== Segment start ==

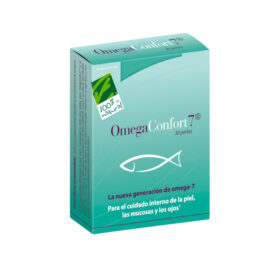 OmegaConfort7, 30 Cáps - Cien por Cien Natural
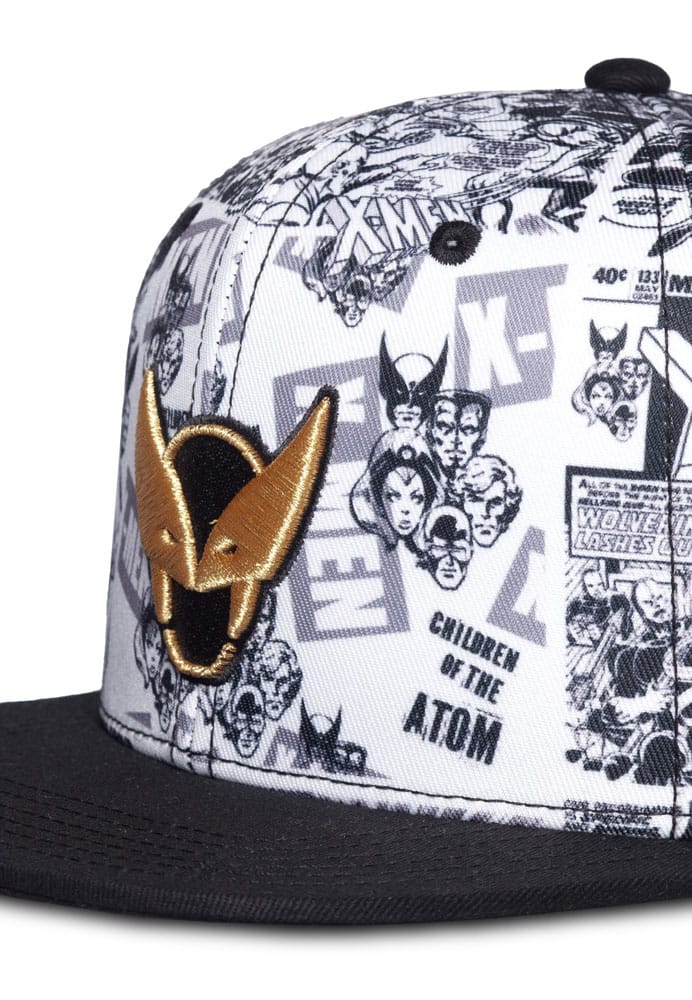 Marvel The Avengers casquette baseball Wolverine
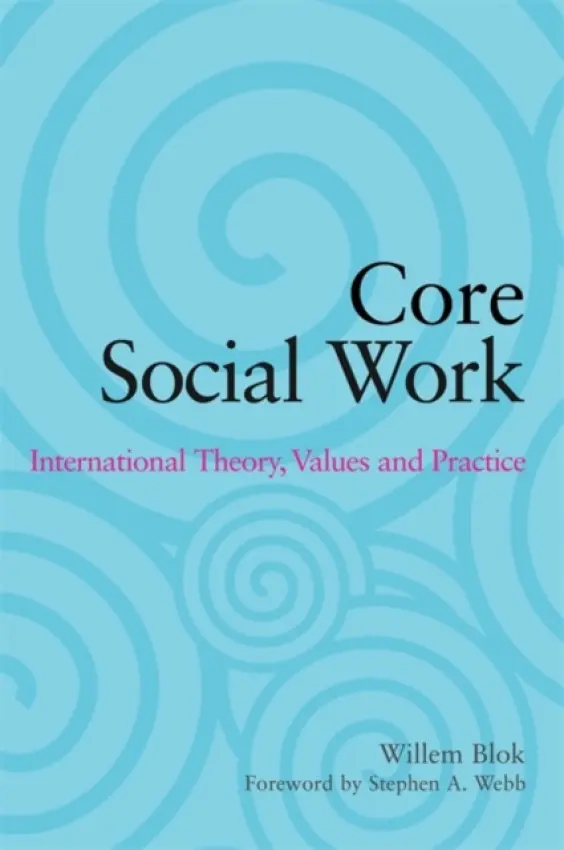 Core Social Work - Blok, Willem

== Segment end ==

> [ACTION ITEM] Extract, word for word, every line from the one containing "Marvel The Avengers" to the end of the data above, both ends included, and leave out the pictures.

> [FINAL ANSWER]
 Marvel The Avengers casquette baseball Wolverine
 Core Social Work - Blok, Willem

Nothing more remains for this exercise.